Friday, March 16, 2007

Community: "Like a Rock" Original

Candie Sisk
Professor Lolly Smith
English 101
16 February 2007
Community: “Like a Rock”
Many contributing factors are involved in the formation of a community. It would be simple to take the surface traits such as place, time, or density of population to categorize a city. In fact, looking slightly deeper at things like religion, ethnic background, or wealth would also do little to help understand the true bond and complex energy a community feeds its residents. In order to figure out the source and intention of the energy, it’s necessary to figure out what the simple and complex factors have in common. How do location, ethnic background, and dinnertime stories all help individuals, intertwine their lives and bring them together as a community? Community is constant. Community is stable. Despite other people’s separate lives, community is the one element that can bring them together and provide a cause for joy in the common ground they all share.
Common ground can, understandingly, be described through a metaphor everyone on earth can relate to. In Rosario Morales’s Ending Poem she makes a reference to herself as a leaf on a tree that was grown in the soil of her homeland. Taking the tree reference further, it would be safe to say that everyone is born from the same “dirt.” A tree could perhaps be location. Several branches of culture on a location make a diverse city with several bunches of branch communities. Smaller branches become families, and eventually one will find they have become a perfectly distinguished leaf. Even after the leaf is fully grown, the branch holds all the leaves together in the same way a family holds all individuals together. The main branch holds all the smaller branches together in the same way common factors such as location, religion, or ethnic background holds many groups of families together. The trunk of the tree will hold all the smaller groups in a community the way an entire city will accommodate a diverse group of people. Above all else, the ground will still be intact with roots no matter what goes on above, just as all humans originate and end the same way. Thus, a broad sense of community, from a neighborhood to the human race, is the ultimate form of stability.

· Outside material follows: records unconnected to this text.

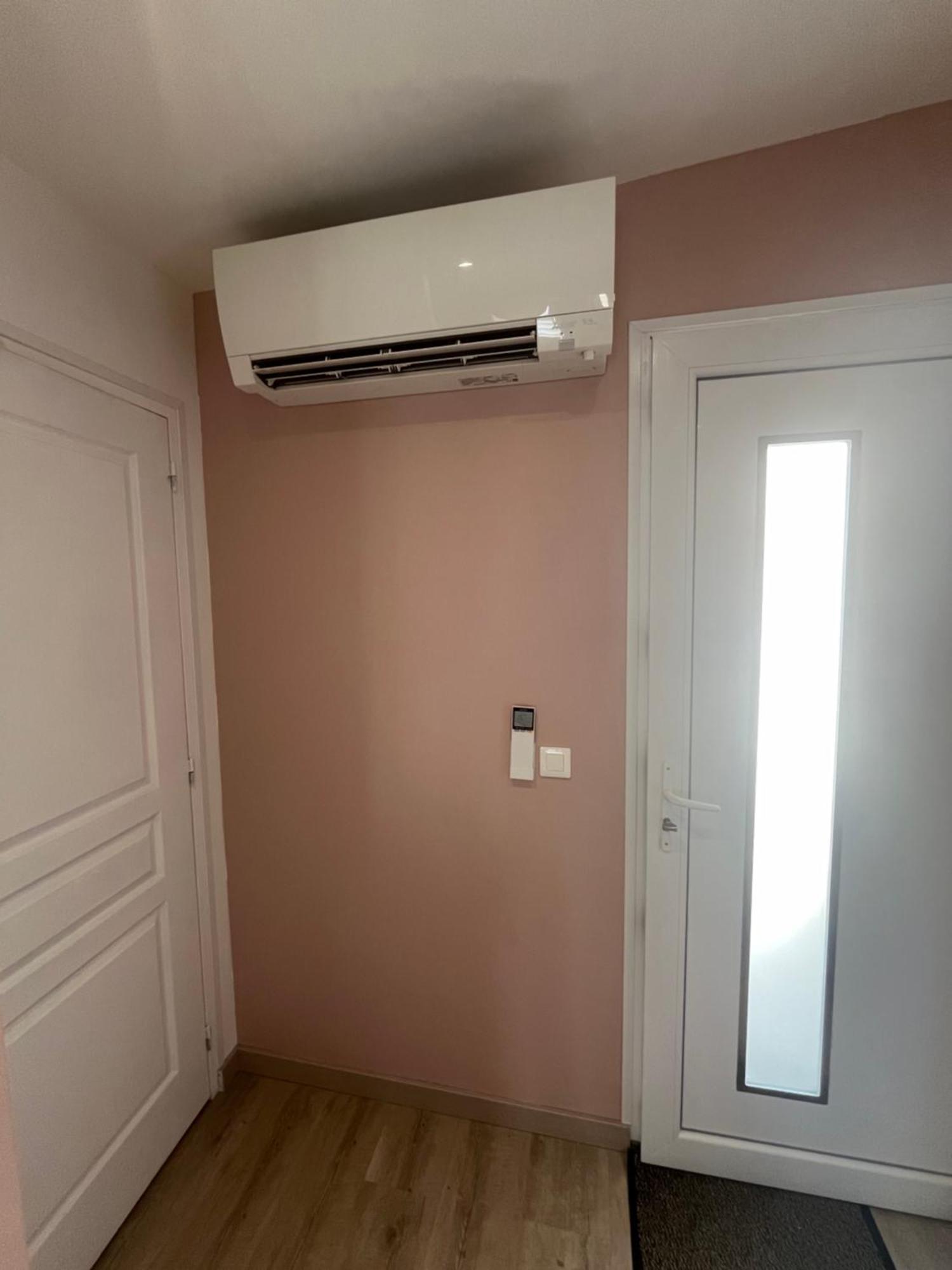 Apartamento Dependance Prive Saint-Thibault-des-Vignes Exterior foto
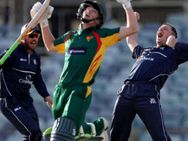 ടാസ്മാനിയന്‍ ദുരന്തം- ഇങ്ങനെയും തകരുമോ? 10 പന്തിനിടെ വീണത് അഞ്ചു വിക്കറ്റ്!! കളിയും തോറ്റു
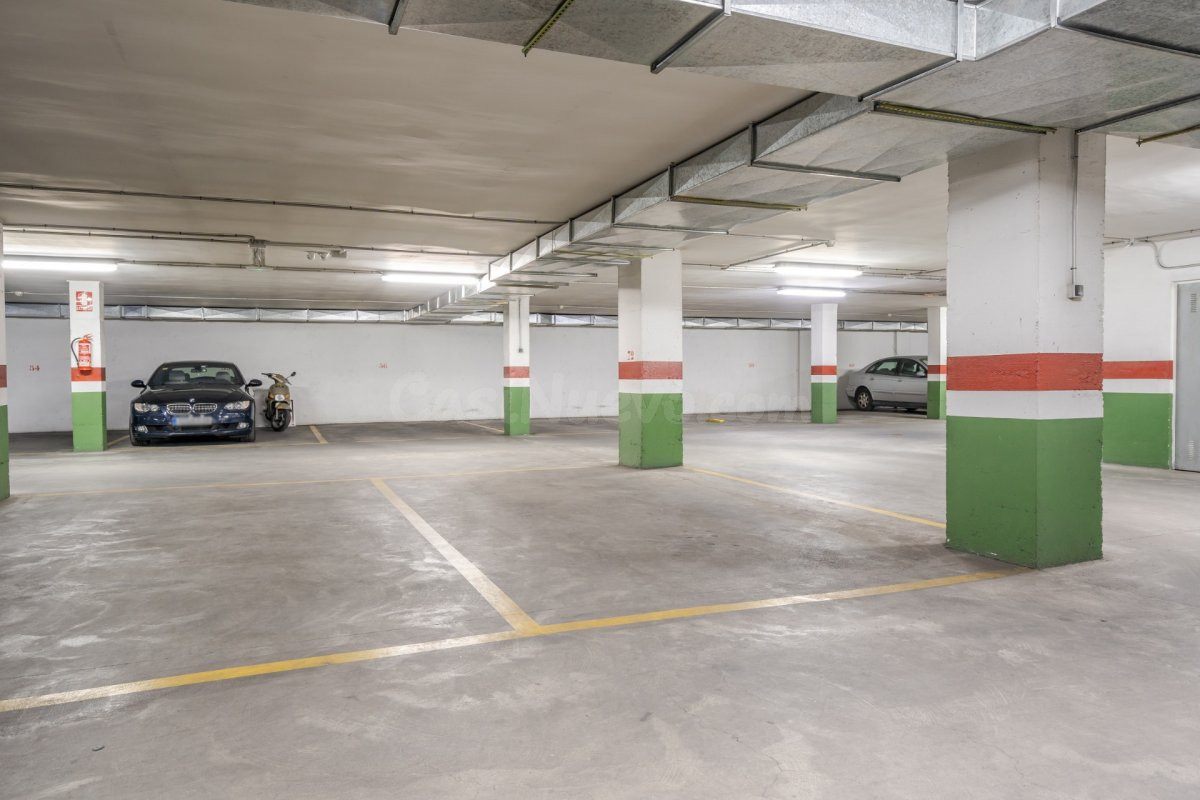 SE VENDEN 2 PLAZAS DE GARAJE. ZONA FORUM. 46.000 EUROS. - foto 4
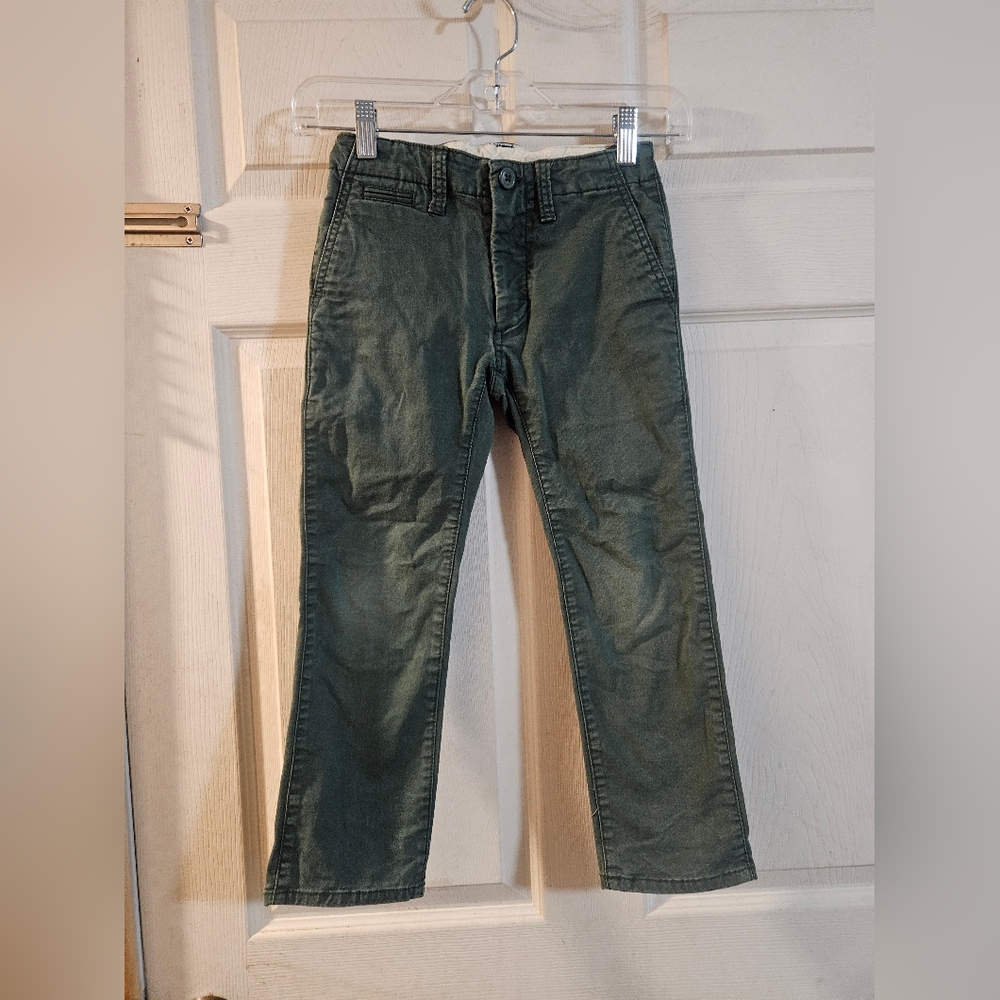 GAP KIDS GREEN CHINO PANT: GOOD CONDITION: SIZE 6 REGULAR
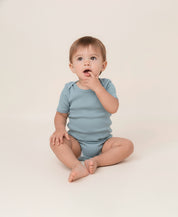 Body de Bebê Manga Curta Unissex | Liso Azul Coastal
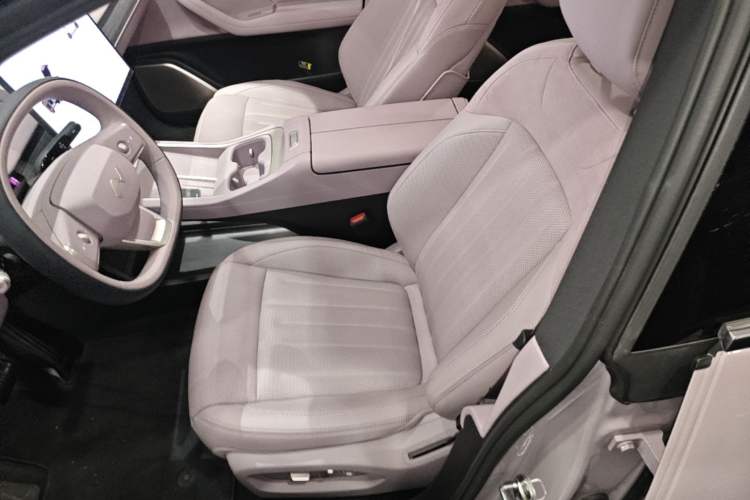 Used ONVO L60 2024 60 kWh Rear-Drive Version Left Front Seat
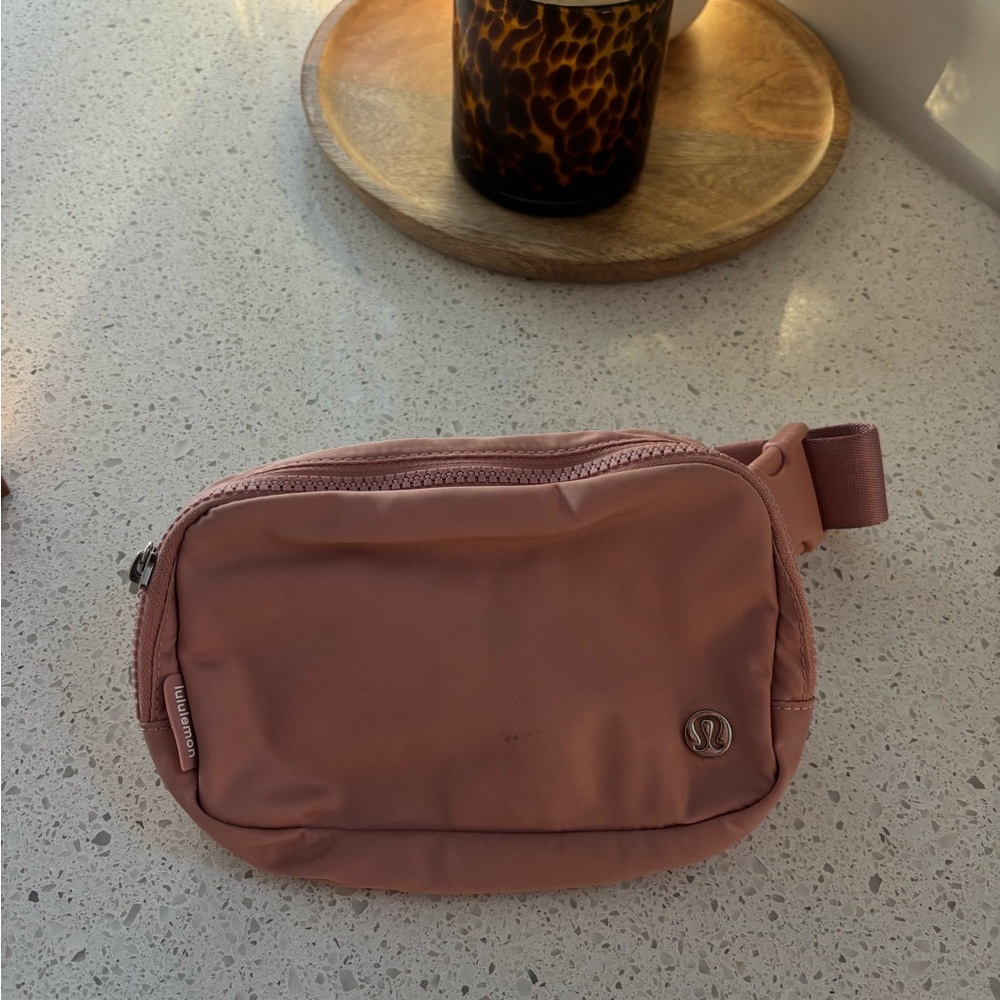 lululemon rose mauve waist pack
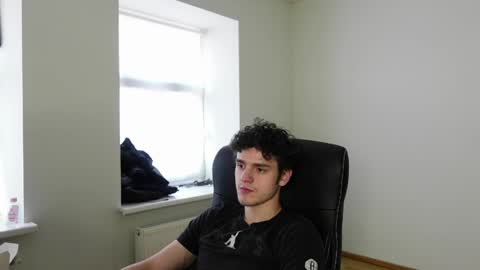 Thebrad H online show from April 8, 2:48 pm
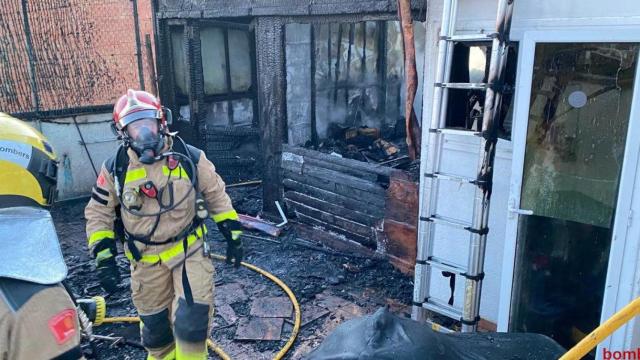 Un herido en el incendio de su vivienda en Gavà / BOMBERS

Stability for some comes in the form of a house or a car. For others, it may be a steady job or the city they have grown up in. Although many people may look at community as something as plain as location, the complete meaning of community would be lost if it were thought of solely as a destination. For example, in the early 1900’s, New York City was home to many immigrants from countries such as Germany, Ireland, and England. Although their homes may have been far apart, they all found separate centralized communities in the same general city where their way of life could be accepted and shared. In turn, this allowed many of them to live as they had back home, make their adjustment to America easier, and provide them with an opportunity to better their situation through methods routine and acceptable to their culture: all of this, consequently, stabilizing.
Maya Angelou, in Reclaiming Our Home Place, makes a different point on location. “One of America’s worst race riots occurred in Atlanta, in 1906, yet today it is home to many African Americans who choose to live there happily. . .The Civil War was fought all over the South, and alas it is still being fought in some people’s hearts.” Maya Angelou, in making her point about community, sent a powerful message that insisted the people around an area and the attitude of people in the time shape the attitudes and actions that make a functioning community. In Short; the time, place, and occurrences are all stabilized by the community’s choice of actions and attitudes.
Everything from attitude to location to religion to age group can influence a community, but no factor changes the sense of stability any and all communities can, do, and will always create. History shows that a single location will not always provide the same stimulating community, and present day shows that a single sector of people will not always have the same attitudes and in turn will not create the same community. Overall, community gives a sense of belonging. Belonging which gives people purpose for their actions, feelings, and words. Actions, feelings, and words created out of a collection of values and family stories. Values and family stories that originate in the community. Community is a lot more than surface traits. It’s a place to go back to or look back upon when everything born out of it fails. It’s square one. It’s constant. It’s the stability. . . “Like a rock.”